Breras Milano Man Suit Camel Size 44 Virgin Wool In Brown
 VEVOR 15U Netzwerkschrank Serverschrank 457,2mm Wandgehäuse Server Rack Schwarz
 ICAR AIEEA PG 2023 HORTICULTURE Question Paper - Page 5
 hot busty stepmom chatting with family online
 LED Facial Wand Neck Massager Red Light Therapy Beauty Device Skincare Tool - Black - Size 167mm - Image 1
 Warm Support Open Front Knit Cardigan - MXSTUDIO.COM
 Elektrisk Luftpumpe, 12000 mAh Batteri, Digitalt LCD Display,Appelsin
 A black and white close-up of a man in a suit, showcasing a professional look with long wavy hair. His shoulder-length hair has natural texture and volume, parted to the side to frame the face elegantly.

==============================

What you have to do:
Go through the listing above and return each line that includes the word "with".

Task answer:
 hot busty stepmom chatting with family online
 A black and white close-up of a man in a suit, showcasing a professional look with long wavy hair. His shoulder-length hair has natural texture and volume, parted to the side to frame the face elegantly.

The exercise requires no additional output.